> [Collected material]:
______

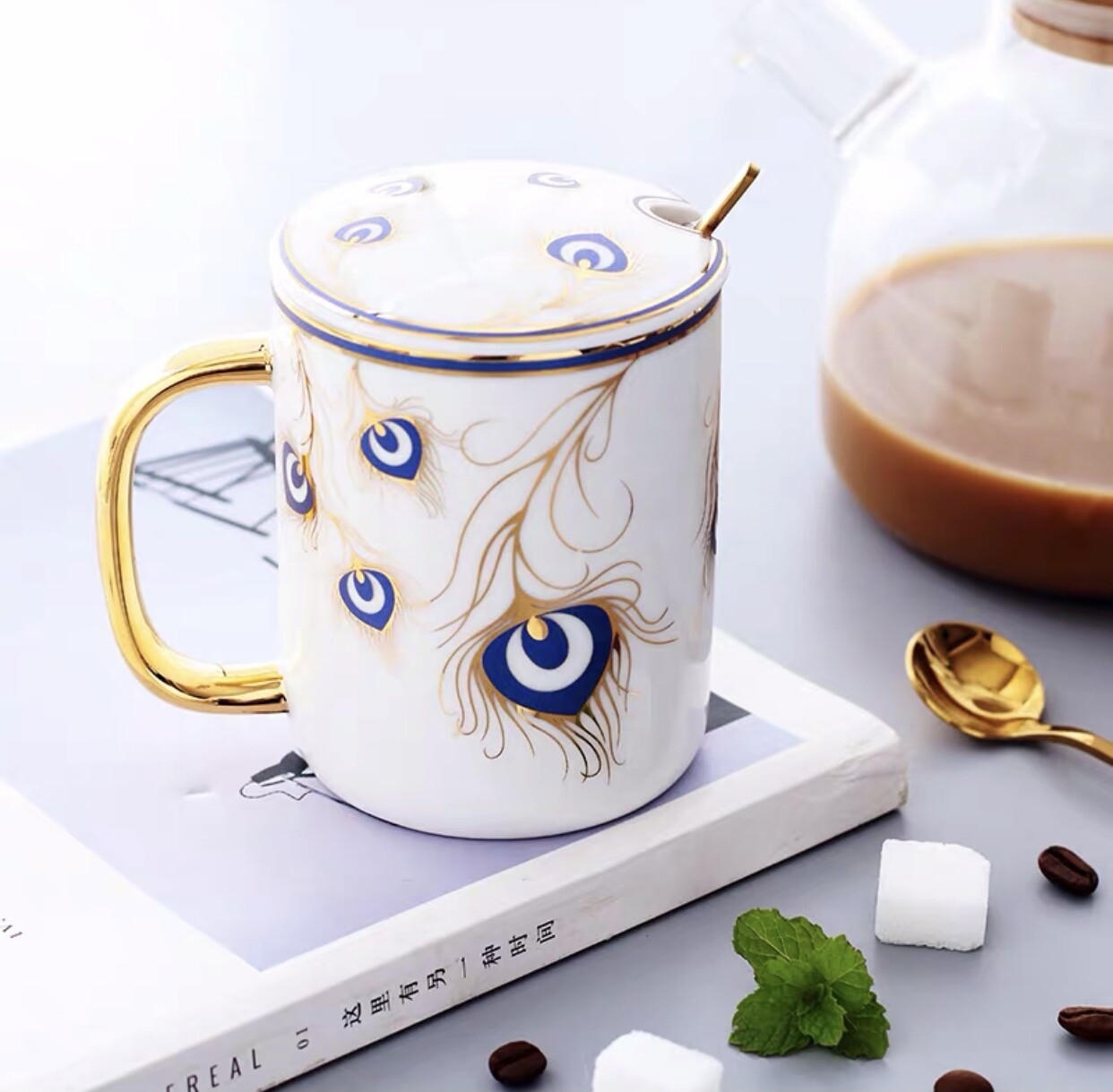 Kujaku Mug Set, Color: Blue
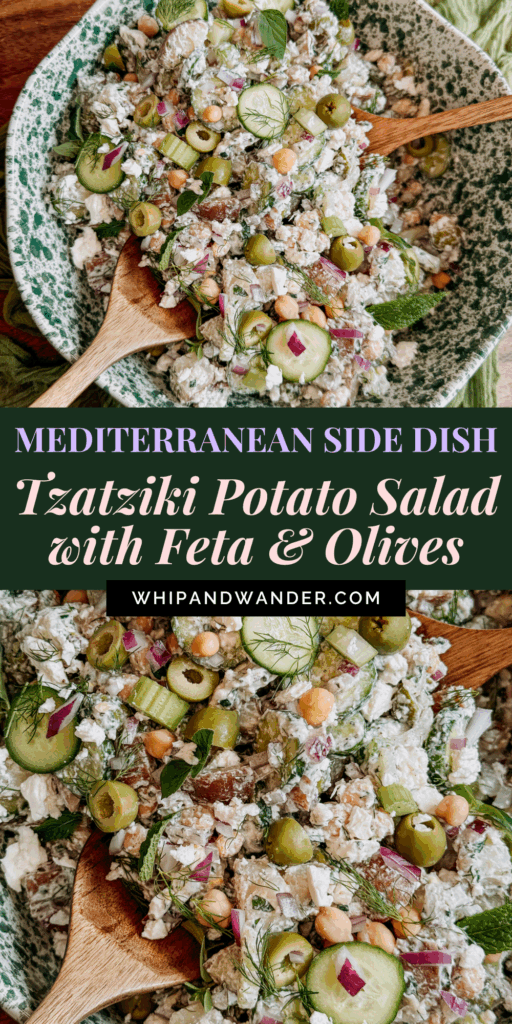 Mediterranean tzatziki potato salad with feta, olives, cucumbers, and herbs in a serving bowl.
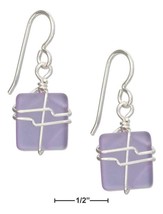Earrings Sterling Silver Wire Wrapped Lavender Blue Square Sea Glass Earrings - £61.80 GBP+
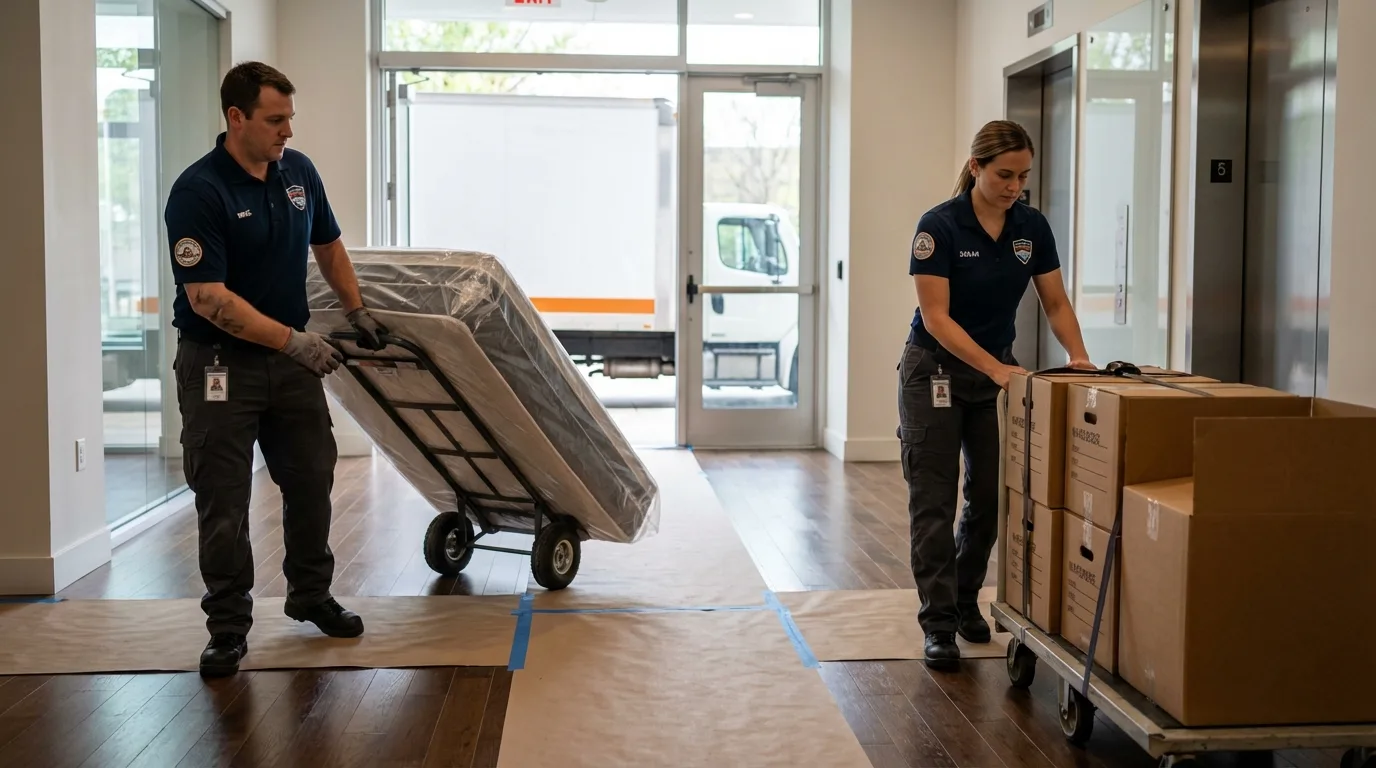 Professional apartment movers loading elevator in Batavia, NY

______

> [Exercise instructions]: Working from the line with "Mediterranean tzatziki potato" to the last line of the material above, repeat each line exactly and leave out the pictures.

> [Task answer]:
 Mediterranean tzatziki potato salad with feta, olives, cucumbers, and herbs in a serving bowl.
Earrings Sterling Silver Wire Wrapped Lavender Blue Square Sea Glass Earrings - £61.80 GBP+
 Professional apartment movers loading elevator in Batavia, NY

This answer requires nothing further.